B. La SI a raisonnablement conclu que la préclusion découlant d’une question déjà tranchée ne s’appliquait pas.

(1) La décision de la SI sur la préclusion découlant d’une question déjà tranchée

[31] Comme je l’ai indiqué ci-dessus, l’ASFC a établi un rapport en vertu de l’article 44 et l’a transmis à la SI en février 2020, mais n’a pas demandé la tenue d’une enquête avant le mois de décembre 2020. Dans l’intervalle, IRCC a refusé la demande de renouvellement de M. Ji après n’avoir reçu aucune réponse à la lettre d’équité procédurale envoyée à ce dernier. IRCC a par la suite rétabli le statut de M. Ji et lui a délivré un permis d’études en novembre 2020. M. Ji a fait valoir que l’agent d’IRCC a implicitement conclu qu’il n’était pas interdit de territoire pour fausses déclarations et que l’ASFC était donc précluse de soumettre cette question devant la SI pour qu’elle soit de nouveau tranchée.

[32] La SI a énoncé les conditions d’application de la préclusion découlant d’une question déjà tranchée, confirmées dans Danyluk, à savoir que 1) la même question doit déjà avoir été tranchée; 2) la décision judiciaire antérieure invoquée comme créant la préclusion doit être définitive; et 3) les parties à la décision antérieure doivent être les mêmes que les parties engagées dans l’affaire où le principe de la préclusion est soulevé (Danyluk c Ainsworth Technologies Inc, 2001 CSC 44, au para 25; Liu c Canada (Sécurité publique et protection civile), 2019 CF 849, au para 45).

[33] La SI, citant la décision de la Cour dans l’affaire Liu, a estimé que la préclusion découlant d’une question déjà tranchée ne s’appliquait pas, puisqu’aucun agent d’IRCC n’avait déterminé que M. Ji avait fait une fausse déclaration dans sa demande de renouvellement de permis d’études (Liu, aux para 3, 45-54).
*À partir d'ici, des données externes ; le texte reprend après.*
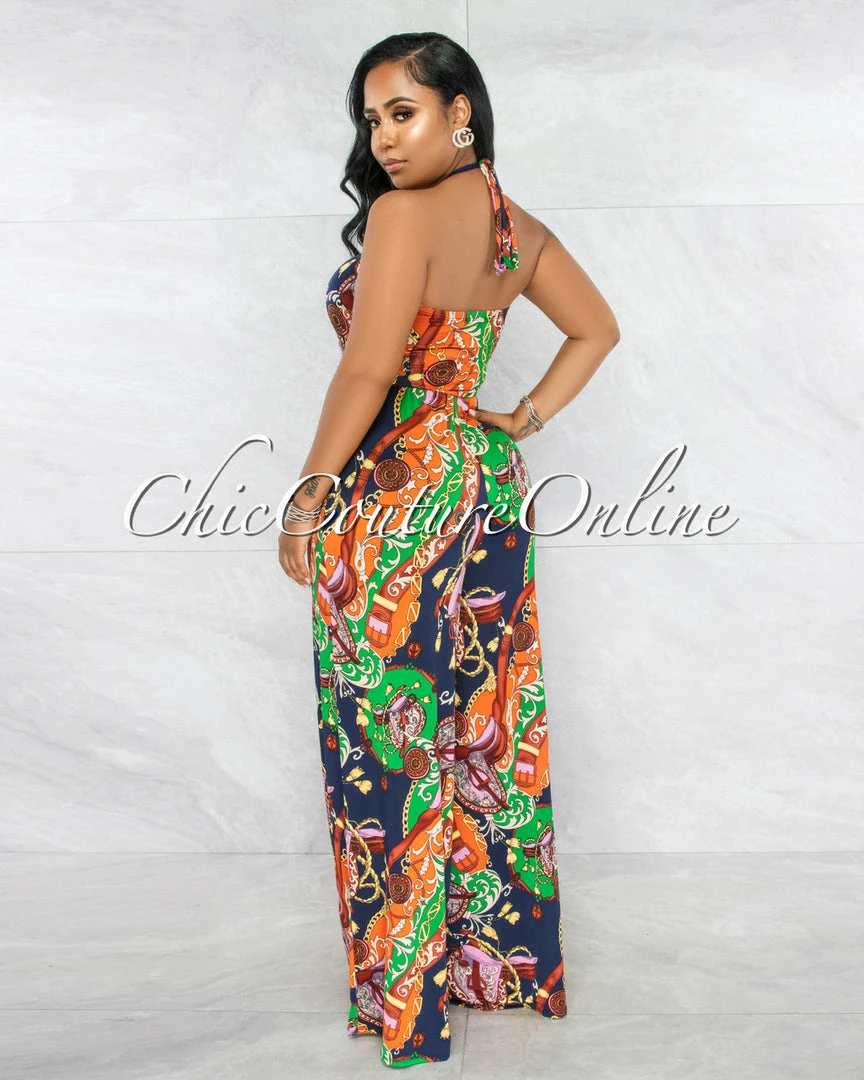 Vendor-unknown Larsen Navy Multi-Color Print Wide Legs Jumpsuit JUST IN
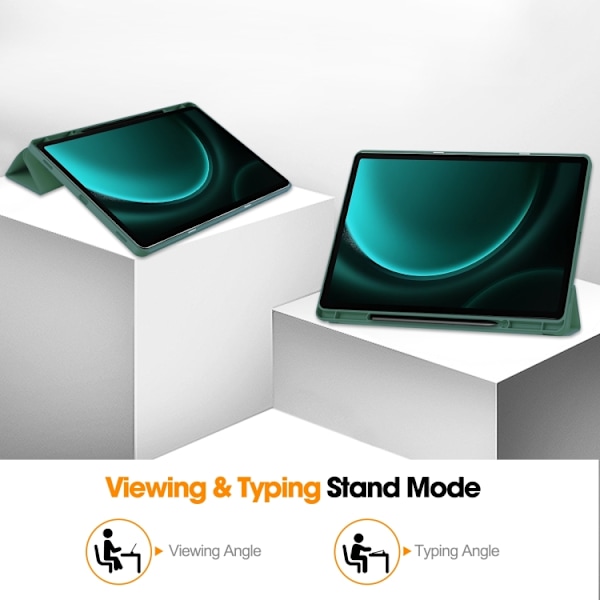 Samsung Galaxy Tab S9 FE+/S10+ Skal i TPU Smart Läder med Penna Fack - 3-Faldig Ren Färg Mörkgrön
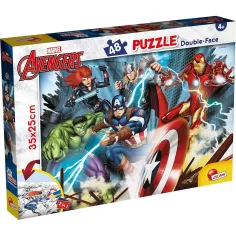 Vengadores 2 en 1 rompecabezas y libro para colorear de 48 piezas 35x25cm - Lisciani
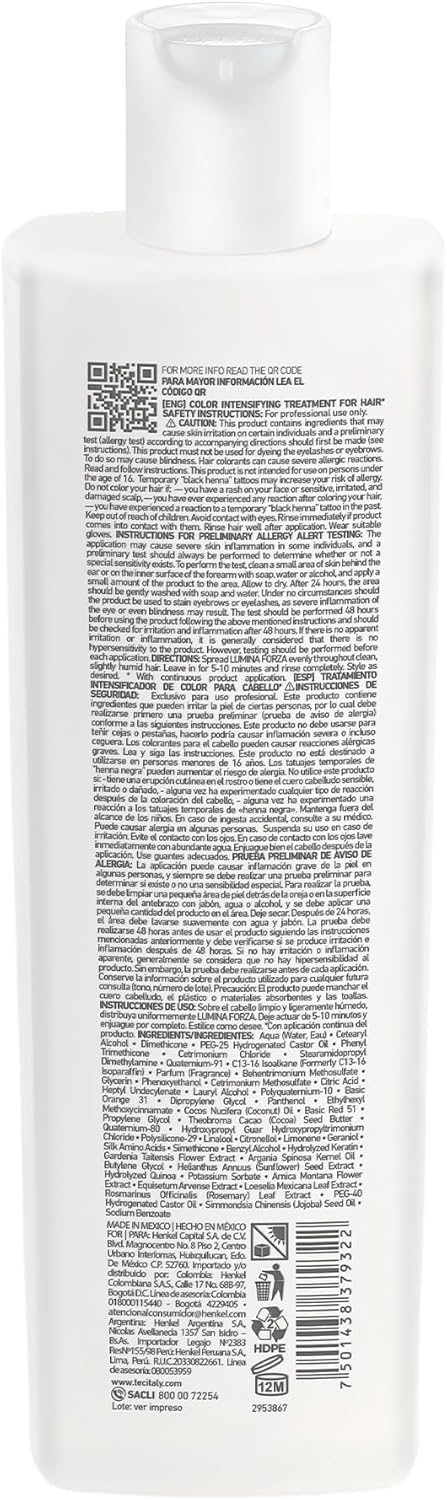 Tec Italy Lumina Forza Red nourishing formula supports even color deposit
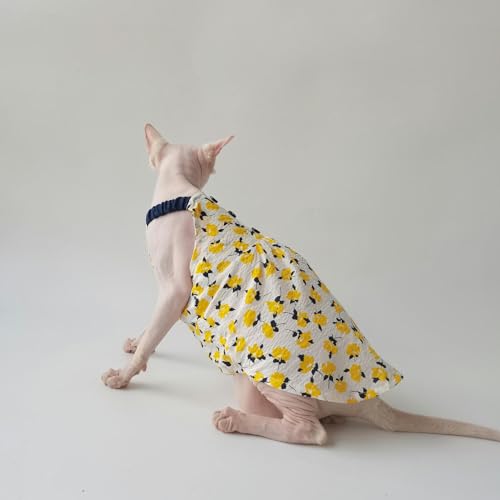 UOSIA Sphynx vestido de gato sem pelos, roupas de gato fofo de algodão com estampa floral, sem manga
Plus précisément, la SI a noté que l’agent qui a d’abord refusé la demande de renouvellement l’a fait au motif d’interdiction de territoire pour criminalité, et non au motif de fausses déclarations, et que l’agent qui a traité la demande subséquente pour le rétablissement du statut et le renouvellement du permis d’études n’a pas mentionné la fausse déclaration relative à la demande antérieure.

(2) La décision de la SI était raisonnable

[34] M. Ji soutient que la SI a commis une erreur parce qu’en l’espèce, contrairement aux circonstances de l’affaire Liu, l’agent d’IRCC qui a rétabli son statut et délivré un permis d’études en novembre 2020 (i) a dû avoir connaissance de la fausse déclaration initiale et (ii) a dû implicitement prendre une décision à cet égard. M. Ji fait valoir le premier point parce qu’IRCC avait déjà envoyé la lettre d’équité procédurale du 18 septembre 2020, dans laquelle la question de la fausse déclaration était soulevée, et parce que lui-même fait référence à cette lettre dans sa lettre d’explication appuyant la demande de rétablissement de son statut. M. Ji fait valoir le second point parce que le paragraphe 182(1) du RIPR exige d’un agent qu’il ne rétablisse pas le statut de résident temporaire d’un demandeur si ce dernier est interdit de territoire. Ce paragraphe est rédigé comme suit :

Rétablissement

Restoration

182 (1) Sur demande faite par le visiteur, le travailleur ou l’étudiant dans les quatre-vingt-dix jours suivant la perte de son statut de résident temporaire parce qu’il ne s’est pas conformé à l’une des conditions prévues à l’alinéa 185a), aux sous-alinéas 185b)(i) à (iii) ou à l’alinéa 185c), l’agent rétablit ce statut si, à l’issue d’un contrôle, il est établi que l’intéressé satisfait aux exigences initiales de sa période de séjour, qu’il s’est conformé à toute autre condition imposée à cette occasion et qu’il ne fait pas l’objet d’une déclaration visée au paragraphe 22.1(1) de la Loi.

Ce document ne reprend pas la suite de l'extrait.